You are asked to copy the entire listing exactly, apart from its pictures.

-- Given material follows --

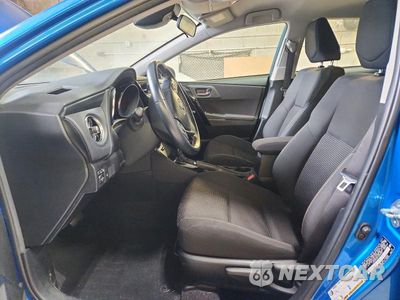 Zdjęcie 7 z 14 samochodu: 2017 TOYOTA COROLLA IM BASE VIN:JTNKARJE0HJ535559 - miniatura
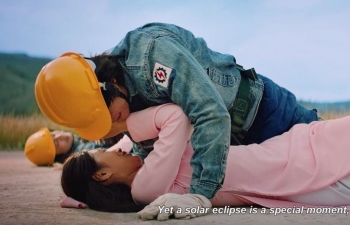 'Hẹn em ngày nhật thực': Thiên Ân, Khương Lê đưa người xem 'xuyên không' về những năm 90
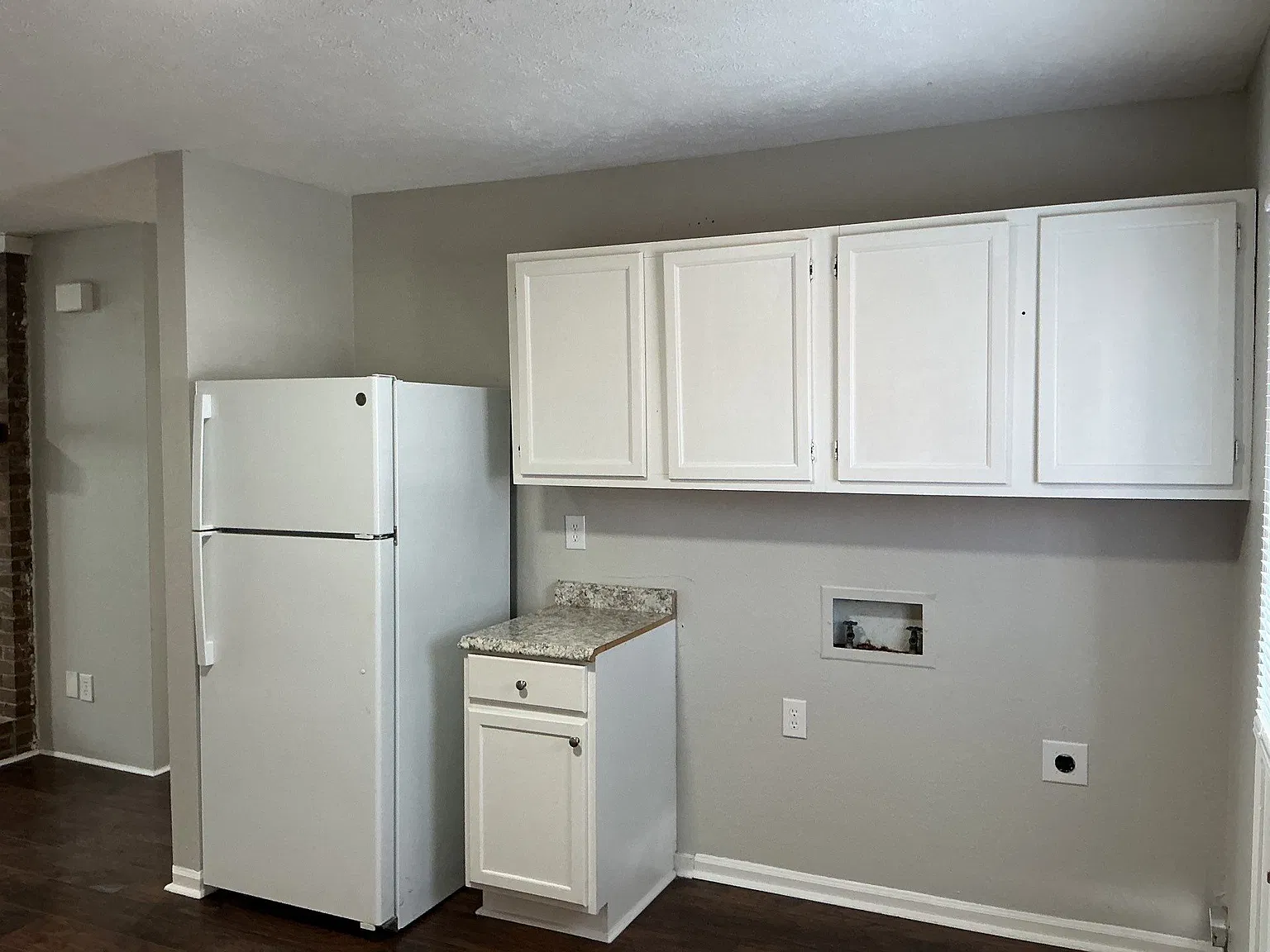2 bed, 961 sqft, $925 — Photo 3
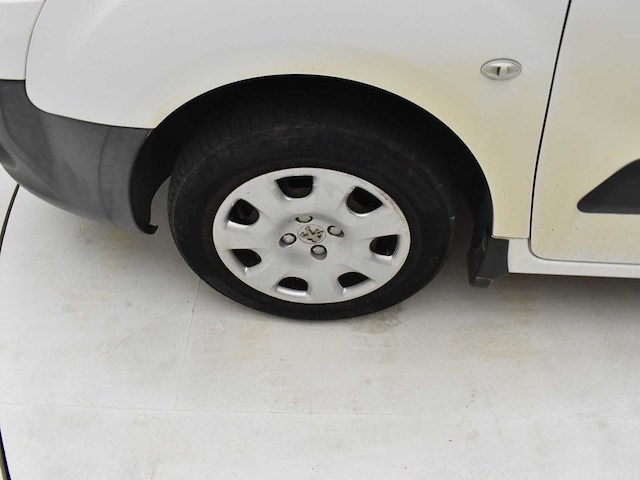Peugeot partner 3zit lichte vracht - afbeelding 29 van  42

-- Given material concluded --

Written answer:
 Zdjęcie 7 z 14 samochodu: 2017 TOYOTA COROLLA IM BASE VIN:JTNKARJE0HJ535559 - miniatura
 'Hẹn em ngày nhật thực': Thiên Ân, Khương Lê đưa người xem 'xuyên không' về những năm 90
2 bed, 961 sqft, $925 — Photo 3
Peugeot partner 3zit lichte vracht - afbeelding 29 van  42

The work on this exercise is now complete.